The first node N71 receives a first radio signal in step S711; receives a first signaling in step S712; monitors a second signaling in a first time window in step S713.

The second node N72 transmits a first radio signal in step S721; transmits a first signaling in step S722; and transmits a second signaling in step S723.

In embodiment 7, a first signaling is received, the first signaling is used to activate a first scheduling, or the first signaling is used to de-activate a first scheduling; and a first processor, as a response to receiving the first signaling, executes a first action, the first action is related to a current RRC state; herein, the phrase of the first action being related to a current RRC state comprises: for RRC_CONNECTED State and RRC_INACTIVE State, only when the current RRC state is RRC_CONNECTED State, the first action comprises transmitting a first HARQ-ACK on a first time-frequency resource block; the first scheduling is executed after being activated and before being de-activated; when the current RRC state is RRC_INACTIVE State, the first action comprises monitoring a second signaling in a first time window; herein, the first signaling is used to de-activate the first scheduling; the second signaling is scheduled by a PDCCH addressed to a unicast RNTI.

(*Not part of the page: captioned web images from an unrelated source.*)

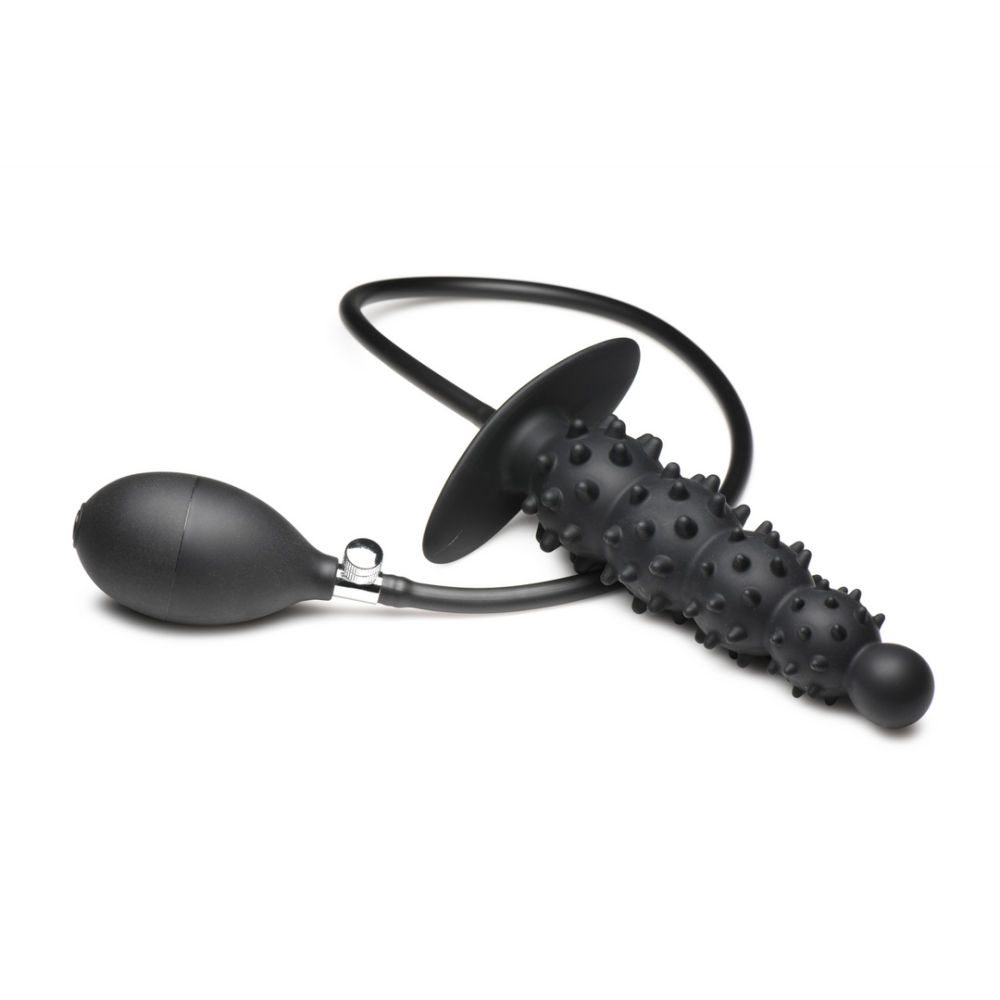 Ass Puffer - Nubbed Inflatable Silicone Anale Plug - Zwart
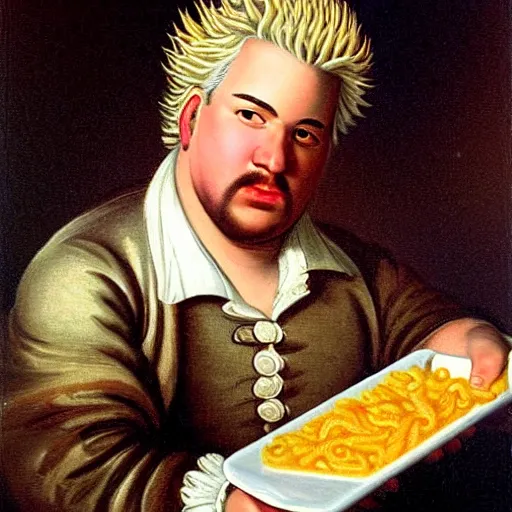 Image similar to an 1 8 th century portrait of guy fieri making a greasy macaroni and cheese sandwich, portrait, royal, oil on canvas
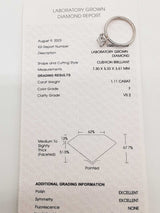 1.11 Carat Cushion Lab Grown Diamond 14k Wg 2.1g Ring Size 6.5 Do0326rrxde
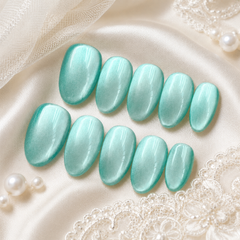 Aqua Mint Cat Eye Press On Nails | Handmade Reusable Bridal Nails by AMBERÉA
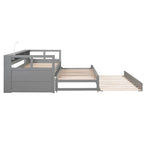Lit de repos double XL en bois avec 2 lits gigognes, 3 compartiments de rangement et port de chargement USB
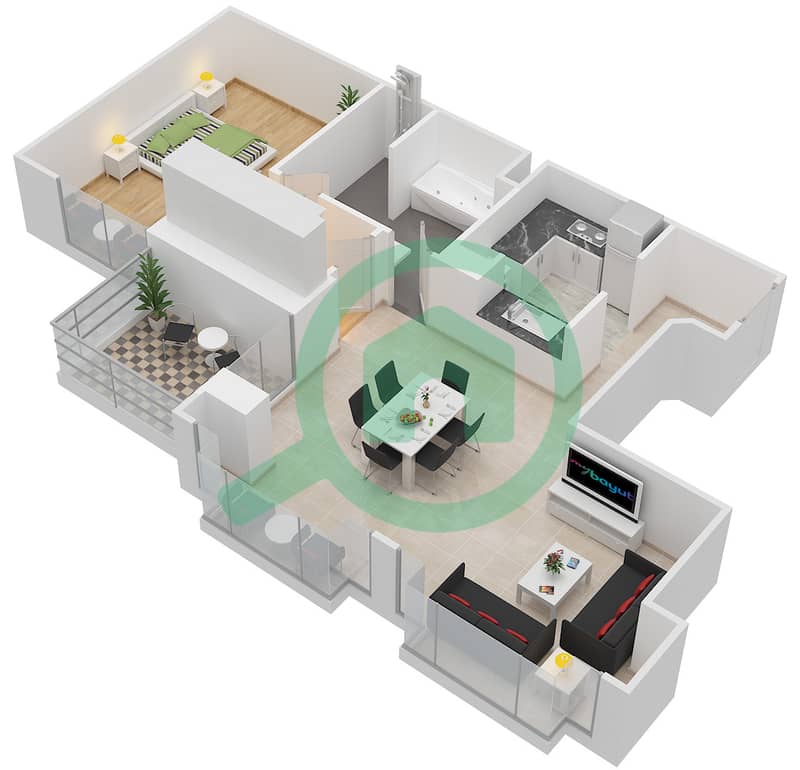 المخططات الطابقية لتصميم التصميم 05 شقة 1 غرفة نوم - فندق رامادا داون تاون interactive3D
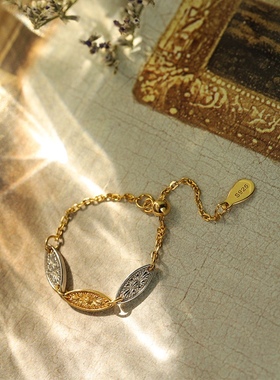 Ordi24年春季新款菊菱双色纹叶素金项链复古休闲戒指环手链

In one embodiment, when the current RRC state is RRC_INACTIVE State, the first action comprises monitoring a second signaling in a first time window; herein, the first signaling is used to de-activate the first scheduling.

In one subembodiment of the above embodiment, the first node is not in an SDT procedure.

In one embodiment, a start time of the first time window is an end time of time-domain resources occupied by the first signaling.

In one embodiment, a time interval between a start time of the first time window and an end time for receiving the first signaling is not less than Q time unit(s), Q being a positive integer not less than 1.

In one embodiment, the time unit is represented by symbol.

In one embodiment, the time unit is represented by slot.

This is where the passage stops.